Since S. J. Harper is the pen name for a team of established romance writers, their version of the Sirens’ curse is that, until the Sirens have rescued enough innocents from abduction to satisfy Demeter for the loss of her daughter, they cannot die no matter what they suffer and they can never know love without losing the beloved. Losing in the worst possible ways. Harper’s interpretation of Demeter is the winter goddess of the barren Earth, all wrath and vengeance. As when the mythic Demeter would have allowed all humanity to starve while she went on strike, this Demeter has no qualms about destroying innocent men to torment the fallen goddesses who love them.
Do you sense that it’s a problem when the villainous dea ex machina in reverse is more interesting than the protagonists who get most of the time on stage? Yes, that would be the mismatch between book and reader showing. Or it might be an actual weakness of the book, but I don’t have the right readerly dopamine receptors to get romance novels, so I can’t be sure how its merits would look to a reader who does.
Like many paranormal romance novels, Cursed borrows structural elements from the police procedural. In this case, that structure makes perfect sense. Ligeia, currently living under the name Emma Monroe in San Diego, has insinuated herself into the FBI, the perfect resource for someone who needs to spend all her time rescuing missing persons.
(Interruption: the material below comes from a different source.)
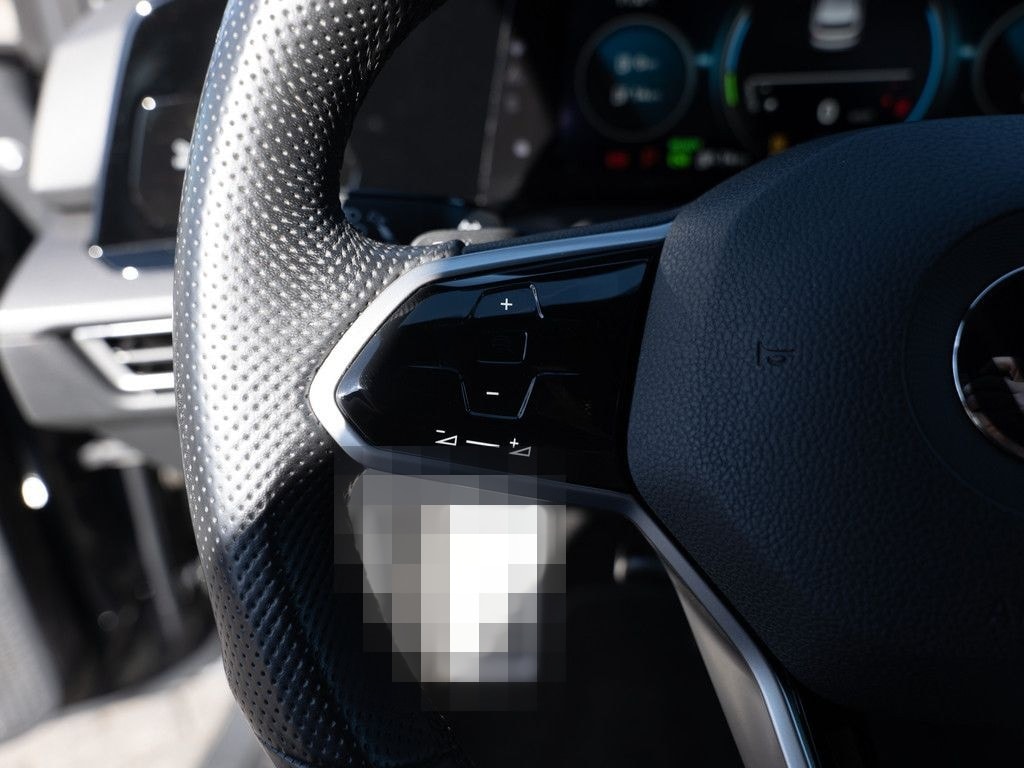 Volkswagen Golf VIII GTE 1.4 TSI eHybrid LED STANDHZ NAVI foto 20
She’s good at it. After several thousand years of trial and error, she’d better be. She’s good, too, at embracing her human disguise, reveling in the same ordinary pleasures we do. Sometimes she’s a little too good at that, with the result that my suspension of disbelief slipped frequently.
For me, it would have been easier to sustain the suspension of disbelief if all the supernatural elements had been from mythic sources. Instead, Emma is a fluke in her local supernatural community, a goddess cast from Olympus to mingle with pop-culture takes on vampires and werewolves. As nice as it is to see the weres and vampires take her admissions about her supernatural nature with the same skepticism and double-takes as ordinary humans usually take those admissions from weres and vampires, the mashup of Ovid and Hollywood weakened the overall effect of the story, for me.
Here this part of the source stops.